Les groupes locaux Ecolo et Groen installeront des tubes de mesures dans 12 communes bruxelloises.

Durant quatre semaines, les groupes locaux d’Ecolo et de Groen installeront des tubes de mesures sur la façade de leur habitation, de leur école ou au coin de leur rue afin de mesurer la qualité de l’air. Ils visent ainsi à dénoncer le manque d’action du gouvernement bruxellois. D’après eux, “le gouvernement bruxellois ne fait pas assez pour contrer cette pollution et les stations de surveillance sont insuffisantes pour mesurer la qualité de l’air partout dans la ville”, expliquent-ils dans un communiqué. 

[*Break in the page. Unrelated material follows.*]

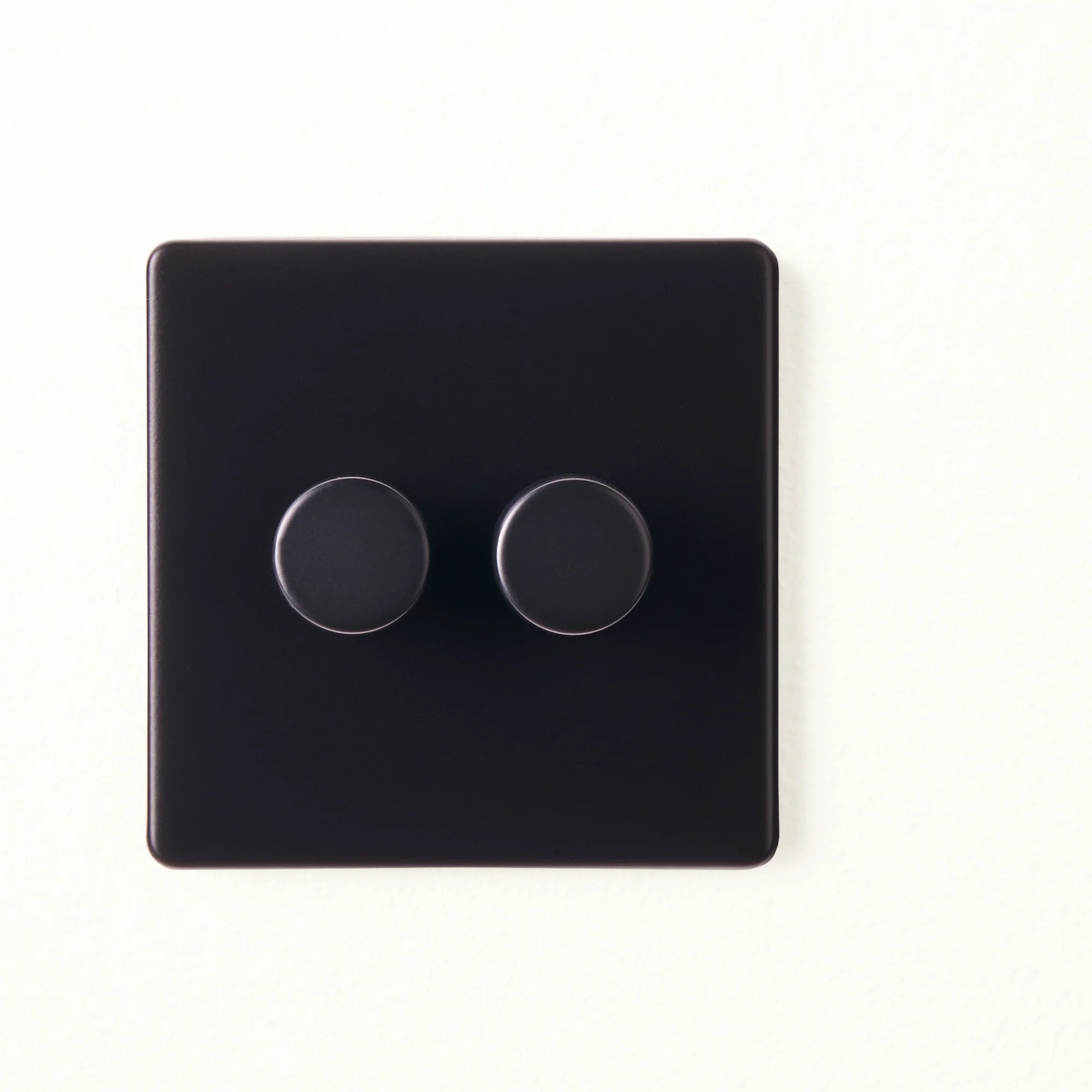Two gang 2 way Florence dimmer switch in black - Image 5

“Les Bruxellois sont inquiets pour leur santé et celle de leurs enfants. Il est urgent de renforcer les systèmes de mesures de la qualité de l’air et les actions entreprises en vue de la restaurer” précise Bernard Van Nuffel, échevin jettois (Ecolo) et participant à l’action. En effet, chaque année, plus de 600 Bruxellois meurent prématurément de la pollution de l’air. Des concentrations trop élevées de dioxyde d’azote (NO2) entraînent des problèmes respiratoires, des maladies pulmonaires ou le cancer. “Face à ces constats, nous voulons agir !” 

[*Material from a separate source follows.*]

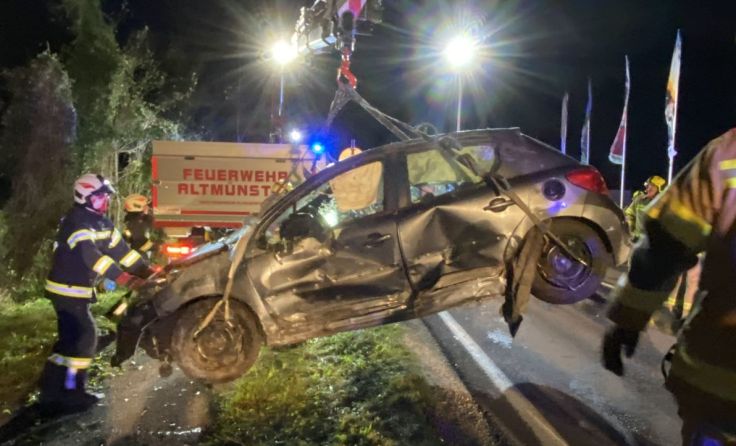 Autobergung in Ebensee. Foto: FF Langwies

À partir de ce week-end, les groupes locaux Ecolo et Groen installeront des tubes de mesures dans 12 communes bruxelloises. Dans le même temps au Parlement bruxellois, Ecolo et Groen ont introduit une proposition visant à améliorer la qualité de l’air au travers du déploiement d’actions supplémentaires afin de décourager l’usage du diesel, renforcer l’isolation, développer les plantations,…

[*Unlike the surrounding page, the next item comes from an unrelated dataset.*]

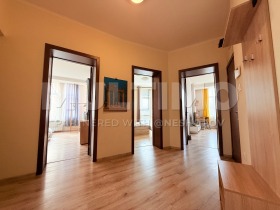 3+ camere da letto Tsentar, Sofia 2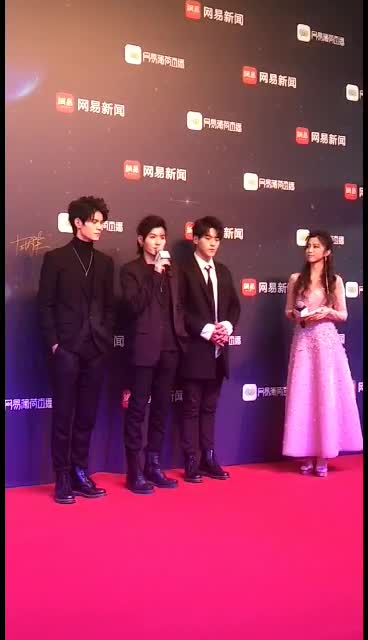 十二星宿男团谈新歌，反对校园暴力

"Les Verts demandent également un désinvestissement des énergies fossiles à l’horizon 2030 et le bannissement total des véhicules diesel à l’horizon 2025. Une action massive et transversale est plus que jamais nécessaire pour garantir la qualité de l’air et préserver la santé des Bruxellois” ajoute Arnaud Pinxteren, député bruxellois (Ecolo). 

Les résultats de la campagne de mesure seront communiqués en avril.